Both Sigmund Freud and Carl Jung integrated dream analysis into their analytical work with clients, and saw dreams as a vital component of psychological growth and health. Jung's contributions to dream psychology came to be even more encompassing than Freud's, and he developed a much broader spiritual understanding of dreams and the connectedness between us all. Jung's dream concepts have not only been integrated into many of today's psychological theories, but also form the backbone of many spiritual and self-growth schools of thoughts.
In my own dream work with clients, I place high importance on dreams, both from a psychological and spiritual perspective. We spend about a third of our lives sleeping, and perhaps as much as half of our lives (or more!) in unconscious states, and as dreams are a direct expression of the unconscious, they can indeed reveal many hidden aspects of our personalities and life situations that we are not yet aware of. Therefore, if we were to just look at what we think we are experiencing in our daily lives, but ignore what is happening in our dreams, we would miss out on highly valuable information! By listening to our dreams, we integrate all aspects of ourselves and are able to form a more complete picture.

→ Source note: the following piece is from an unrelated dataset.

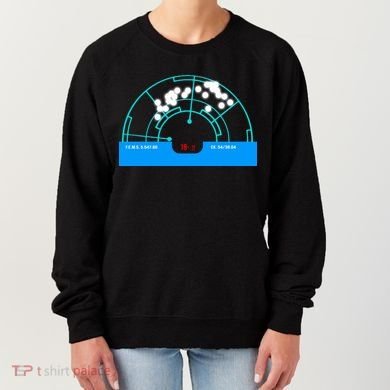 Alien Motion Tracker Women's Sweatshirt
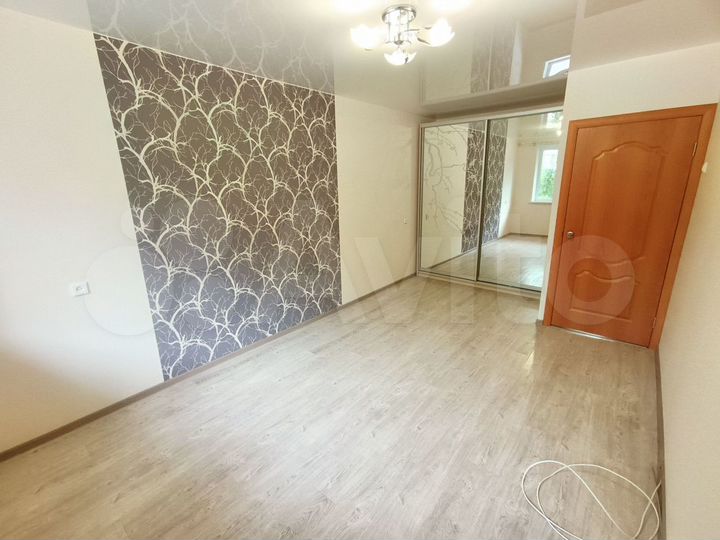 2-к. квартира, 49,4 м², 1/5 эт.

It is also important to remember that our egos represent only a small component of our total selves, and as a consequence, what we are aware of (our ego) will always have just a partial view of life because of limited consciousness, so the importance of dreams cannot be emphasized enough. By looking closer at your dreams, you not only learn more about what is really going on in your life, but you also develop new attitudes and perspectives on situations. You may, for example, not be aware of feeling upset about something, but then a dream helps shed light on the issue, and instead of forming an emotional blockage, you are now able to clear it out by processing the situation.